While it’s certainly possible that Bill & Ted’s Excellent Adventure was influenced by Peabody’s Improbable History, the Keanu Reeves-Alex Winter comedy feels more like a touchstone for audiences going into DreamWorks Animation’s Mr. Peabody & Sherman than the ‘60s cartoon shorts on which it’s based.

Expanding the source material’s time-travel vignettes into a feature-length narrative, director Rob Minkoff’s Mr. Peabody & Sherman front-loads the duo’s adventures with one-dimensional obstacles and relationship challenges with lowest-common-denominator conflicts as the canine genius and his preteen companion zigzag through antiquity with a comedian’s, rather than a historian’s, eye for detail.

Ty Burrell (Modern Family) provides the voice of Peabody, who finds Sherman (Max Charles of The Neighbors) in an alley and adopts the boy as his son. Although primarily preoccupied by his various industrial and philanthropic obligations, Peabody educates Sherman via the WABAC Machine, a time-travel device that allows the duo to visit important people and time periods in history. But on his first day at school with other kids, Sherman runs afoul of Penny Peterson (Ariel Winter of Modern Family), and the two of them get into a fight when he inadvertently imperils her spot as teacher’s pet.



After disapproving child services counselor Ms. Grunion (Allison Janney of The West Wing) threatens to take Sherman away from his puppy pop, Peabody arranges a meeting with Penny and her parents. But when Penny gets lost in ancient Egypt while goading Sherman into using the WABAC Machine, he and Mr. Peabody find themselves on an adventure across time to rescue his classmate and prevent the time-space continuum from imploding.

While it feels unlikely that even parents of young children will remember the 1950s and ‘60s Rocky & Bullwinkle Show segments that introduced the characters, it’s difficult to understand why Peabody and Sherman were candidates for the big-screen treatment given the way in which they were adapted. Notwithstanding the duo’s potential as educators, introducing and exploring great moments in history for book-phobic children, the movie gives its leads barely tolerable personalities and then puts them through spectacularly unsympathetic paces. Although he’s not quite as condescending as he was in the original cartoons, Peabody is an oblivious blowhard, while Sherman is brainy and feckless only in measures that drive the plot rather than define him as a person.

That said, screenwriter Craig Wright (Six Feet Under) populates the entire ensemble with annoying, obstinate, unappealing characters, which is a problem considering we’re supposed to like at least a few of them by the film's end. Penny, for example, is a mischievous, stubborn bully who spends most of the movie wheedling Sherman into doing things he either knows he probably shouldn’t be doing or was explicitly told by Peabody not to do. But even if Ms. Grunion’s prejudice against a dog adopting a human child is supposed to be “understandable,” she’s just a horrible person who seems to have no earnest compassion for the children she’s meant to be protecting.

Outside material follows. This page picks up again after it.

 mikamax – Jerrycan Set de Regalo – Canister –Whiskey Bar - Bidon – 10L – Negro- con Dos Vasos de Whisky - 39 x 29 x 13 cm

Meanwhile, everything that happens in the film from one scene to the next is created from whole cloth – the WABAC runs low on gas, a black hole pops up out of nowhere, and so on and so forth. That might be perfectly serviceable episodic entertainment on television, but on film it’s lowbrow even for sitcom writing, and completely fails to generate any kind of meaningful emotional stakes. But when he needs for there to be a gut punch of feeling, Wright just spells out those distressing moments, or reduces the conflict to the most simplistic dimensions possible, guaranteeing a response without actually earning it.

Although there are plenty of other problems that plague the film, it will probably resonate moderately well with parents who think that “good” family entertainment includes just enough double entendres to make them giggle while their youngish children guffaw at colorful squash-and-stretch animation. But I can’t be the only person (including the filmmakers) who recognized the Wright’s “Beethoven with modern technology” gag as a ripoff of Bill & Ted’s much better one – and I’m not even a fan of the earlier film. Either way, Mr. Peabody & Sherman is the kind of movie that makes me wish that I had a time machine of my own – if not to stop the filmmakers from making it in the first place, then at the very least so I never had to see it.

Mr. Peabody & Sherman opens Friday nationwide.